1 is a schematic cross-sectional view showing a polishing apparatus according to one embodiment. It is a schematic cross section which shows the conventional grinding | polishing apparatus.

  DESCRIPTION OF EMBODIMENTS Embodiments for carrying out the present invention will be described with reference to the drawings.

  FIG. 1 shows a polishing apparatus according to an embodiment, and a rotating shaft integral with a polishing tool 1 has a hollow portion 1a. The bearing for rotating and supporting the rotating shaft of the polishing tool 1 is an M housing in which bearings 2a and 2b, a polishing liquid introduction hole 3 constituting a polishing liquid supply means, and liquid introduction holes 4a and 4b constituting a liquid supply means are formed. 5. The polishing tool 1 is rotationally driven by a rotary motor 7 through a coupling 6. The M housing 5 is disposed with a gap 8 a between the rotating shaft of the polishing tool 1. The gap 8a is 3 to 25 μm. An S housing 10 is disposed at the lower end of the M housing 5 via an O-ring 9. Similar to the M housing 5, the S housing 10 is arranged with a gap 8 b between the rotating shaft of the polishing tool 1 and includes a liquid introduction hole 4 c. The gap 8b is 3 to 15 μm.

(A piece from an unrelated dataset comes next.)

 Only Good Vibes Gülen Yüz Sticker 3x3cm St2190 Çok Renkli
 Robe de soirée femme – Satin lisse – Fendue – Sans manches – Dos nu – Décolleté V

  The tip diameter of the polishing tool 1 is φ30 mm.

  The polishing liquid 11 is obtained by mixing fine particles of cerium oxide with pure water as a solvent.

  The polishing liquid 11 is sent from the polishing liquid tank 13 to the polishing liquid introduction hole 3 formed in the M housing 5 by the polishing liquid pump 12. A polishing liquid pressure gauge 14 is installed in the flow path to measure the supply pressure of the polishing liquid 11.

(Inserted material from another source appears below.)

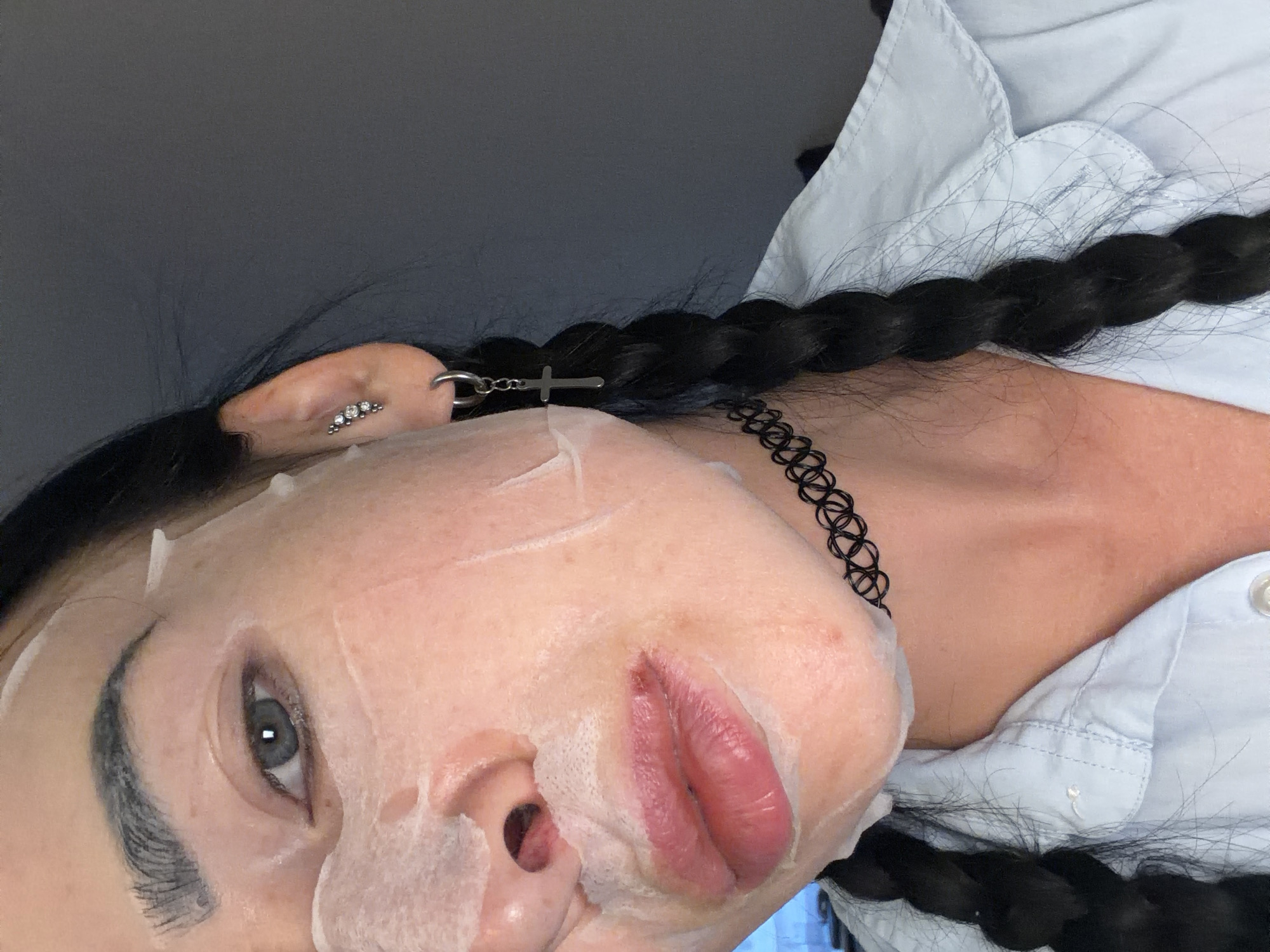 Evening skincare routine and sunset viewing documented in Russia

  The liquid 16 is pure water which is the same liquid as the solvent of the polishing liquid 11, and the liquid introduction holes 4 a, 4 b, 4 c formed in the M housing 5 and the S housing 10 from the liquid tank 18 by the polishing liquid pump 17. Sent to. A liquid pressure gauge 19 is installed in the flow path to measure the supply pressure of the liquid 16.

  The liquid 16 sent to the liquid introduction holes 4a, 4b, and 4c is filled in the clearances 8a and 8b between the rotating shaft of the polishing tool 1 and the M housing 5 and the S housing 10, and sealed by the O-ring 20 and the O-ring 9. Is done.

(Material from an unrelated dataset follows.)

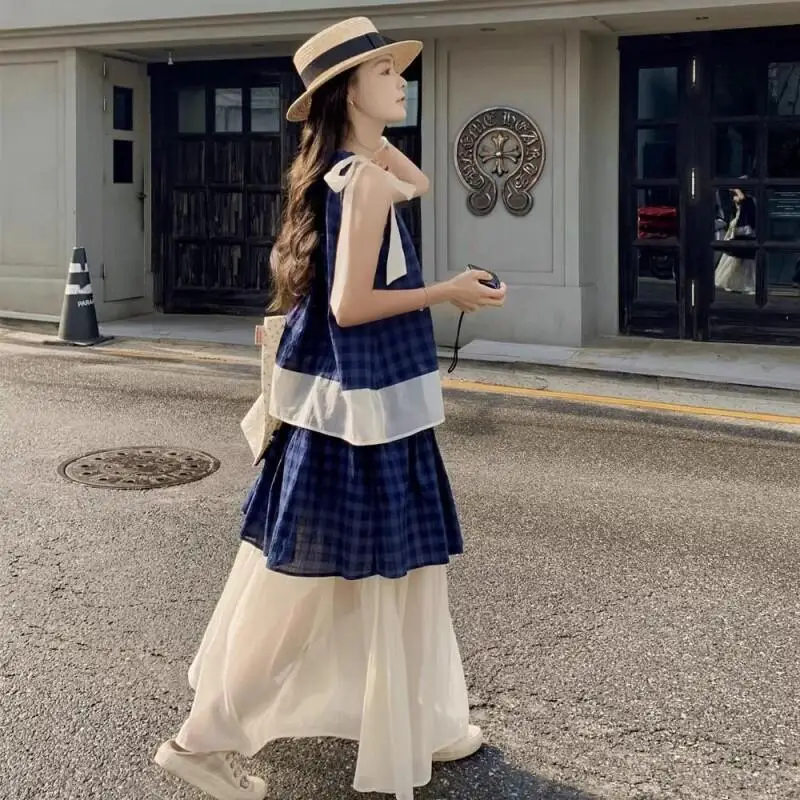 Women's Blue Plaid Two Piece Set Sleeveless Halter Top with Tulle Skirt Casual Loose Summer Outfit Beach Vacation Bohemian Suit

  The polishing liquid introduction hole 3 communicates with the gap 8a of the M housing 5, and the polishing liquid 11 is introduced into the hollow part 1a through four connecting holes 21 which are communication parts formed on the side surface of the rotating shaft of the polishing tool 1. Then, it is supplied to the pressure contact portion 23 between the polishing tool 1 and the workpiece 22.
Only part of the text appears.